Anonymous wrote:
Anonymous wrote:
Anonymous wrote:
Anonymous wrote:
Anonymous wrote:
Anonymous wrote:You weenies should read the article. The guy isn't saying that doctors and lawyers and scientists are obsolete. He's saying that spending half a million dollars and 3 years to memorize a ton of information already in books is a waste of money and time.
Law school involves almost no memorization, so that's another great example of AI guys thinking they understand jobs they don't do and education they didn't get. I hate the phrase "think like a lawyer" but it's an accurate description of what you learn in law school - skills not information.

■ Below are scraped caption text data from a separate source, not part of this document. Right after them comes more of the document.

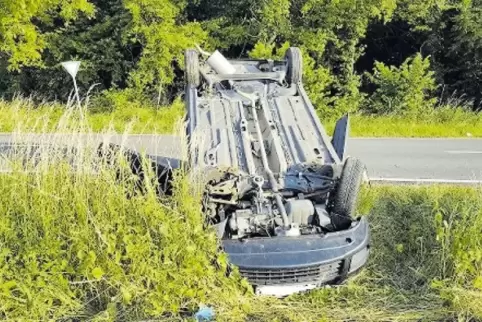 Glück im Unglück: Der Fahrer wurde nur leicht verletzt.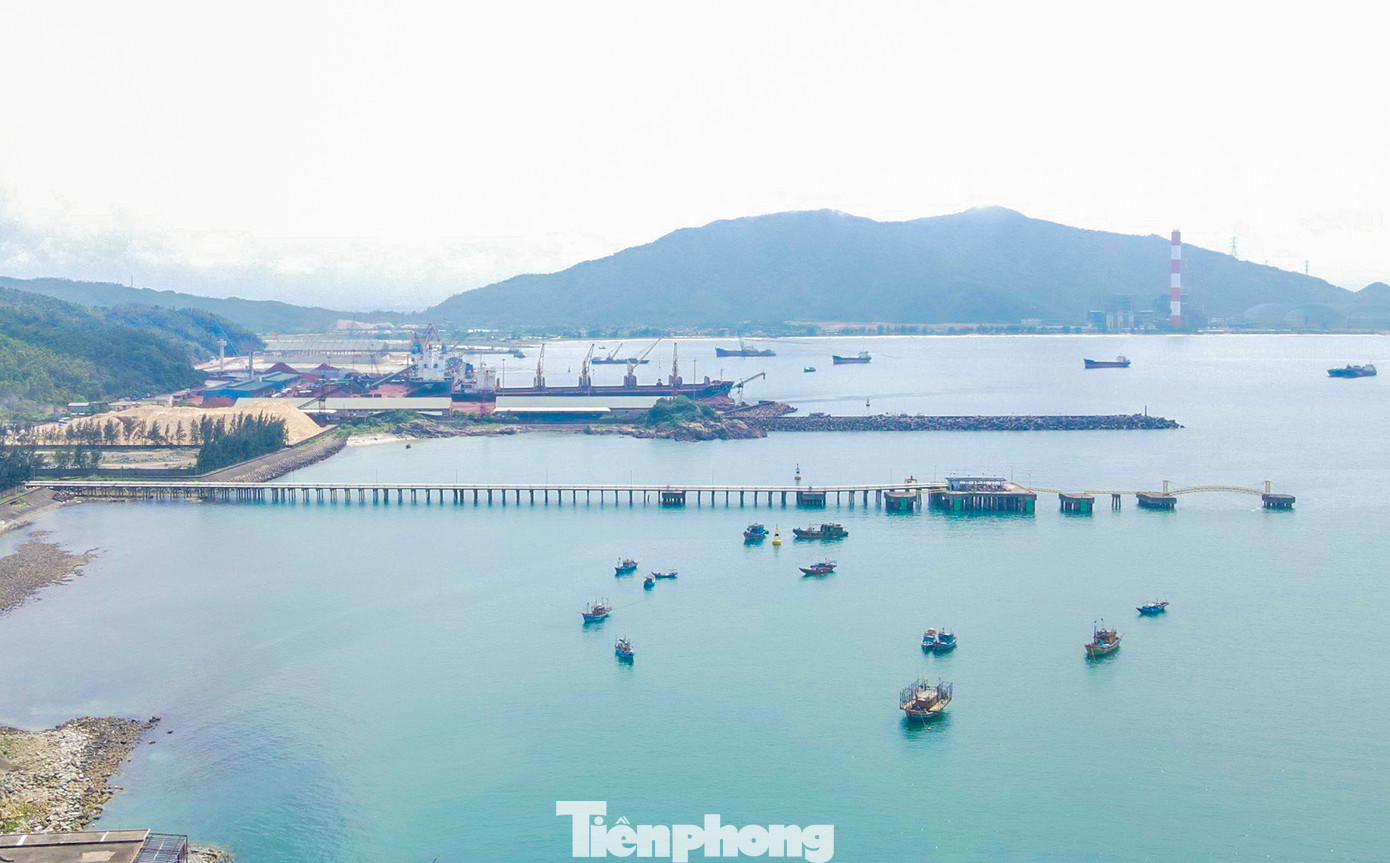 “Hiện, có nhiều tập đoàn, nhà đầu tư lớn vào Khu kinh tế Vũng Áng. Quan điểm của tỉnh là mời gọi các nhà đầu tư, lấp đầy các khu kinh tế, khu công nghiệp, cụm công nghiệp. Trong đó, tập trung trước mắt vào 2 lĩnh vực công nghiệp và nông nghiệp. Đối với các dự án vướng mắc, chây ì, tỉnh sẽ rà soát và thu hồi nhằm tạo quỹ đất, tiền đề cho việc thu hút làn sóng đầu tư mới”, lãnh đạo UBND tỉnh Hà Tĩnh thông tin.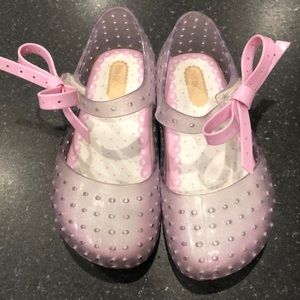Mini Melissa - clear with pink bow - size 9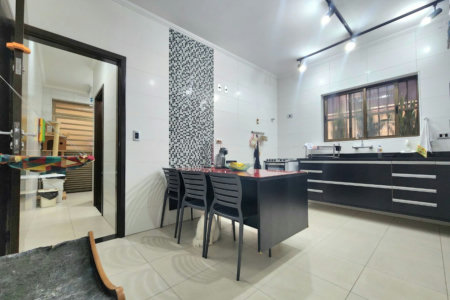 Casa com 3 dormitórios à venda, 159 m² por R$ 1.649.000,00 - Embaré - Santos/SP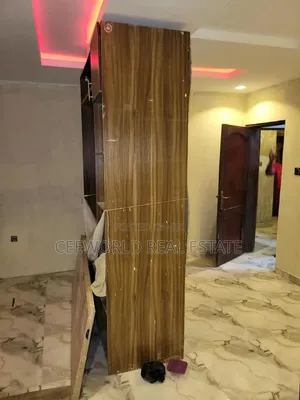 3bdrm Apartment in Ajeigbe Off Ring, CHallenge / Ibadan for rent
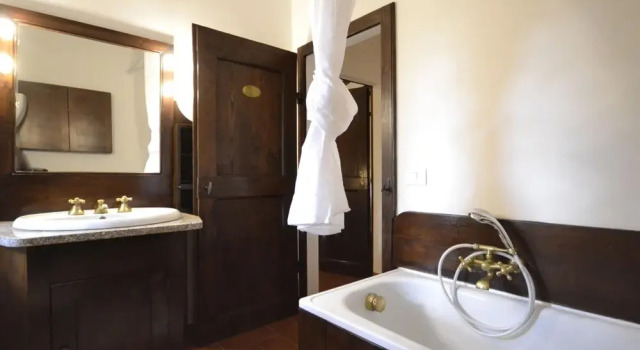 Вилла Villa with Private Swimming Pool in Hills near Cortona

There’s a ton of memorization in law school and “thinking like a lawyer” is a cheap marketing gimmick to entice 23 year olds at career crossroads to pay 150k+ to listen to smelly boomers talk about their activism in college while the Nixon got impeached. It should be an undergrad major (and it’d be an easy one), no one has to go to grad school to work at Point72 or another megafund, which requires way more intellectual firepower and training than anything in law.
All the exams in law school are open book and open notes? I literally never had a closed book exam at my T14 law school.
Those hundred page outlines of black letter law are for bad students. The top 10% have it memorized and regurgitate for the essays. There’s almost no thought involved in law school exams.
I didn’t graduate in the top 10%, but I did graduate with honors, get on law review, publish my note in the law review, and get a federal clerkship. I did not memorize for law school. I had short, well-labeled “attack outlines” in addition to longer reference outlines that were well-indexed. Most law school exams are issue-spotters. Those definitely require thought and analysis.